→ Task requirements
Repeat exactly the lines from the one containing "Rumah di Taman Royal 2 Tangerang" through the last line of the records below, both included, and nothing else.

→ Provided records
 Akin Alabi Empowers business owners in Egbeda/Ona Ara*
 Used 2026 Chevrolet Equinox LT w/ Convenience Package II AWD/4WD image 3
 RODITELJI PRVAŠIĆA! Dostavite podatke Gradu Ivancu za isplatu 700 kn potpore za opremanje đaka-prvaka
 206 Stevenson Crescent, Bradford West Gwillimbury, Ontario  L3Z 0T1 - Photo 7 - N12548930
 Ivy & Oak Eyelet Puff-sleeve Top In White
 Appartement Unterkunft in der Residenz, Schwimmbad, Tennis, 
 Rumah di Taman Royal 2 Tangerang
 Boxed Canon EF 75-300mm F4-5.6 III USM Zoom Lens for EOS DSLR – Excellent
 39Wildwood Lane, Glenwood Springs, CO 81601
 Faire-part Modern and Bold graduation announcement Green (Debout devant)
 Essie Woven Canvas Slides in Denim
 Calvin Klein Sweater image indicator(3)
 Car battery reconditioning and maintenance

→ Result below
 Rumah di Taman Royal 2 Tangerang
 Boxed Canon EF 75-300mm F4-5.6 III USM Zoom Lens for EOS DSLR – Excellent
 39Wildwood Lane, Glenwood Springs, CO 81601
 Faire-part Modern and Bold graduation announcement Green (Debout devant)
 Essie Woven Canvas Slides in Denim
 Calvin Klein Sweater image indicator(3)
 Car battery reconditioning and maintenance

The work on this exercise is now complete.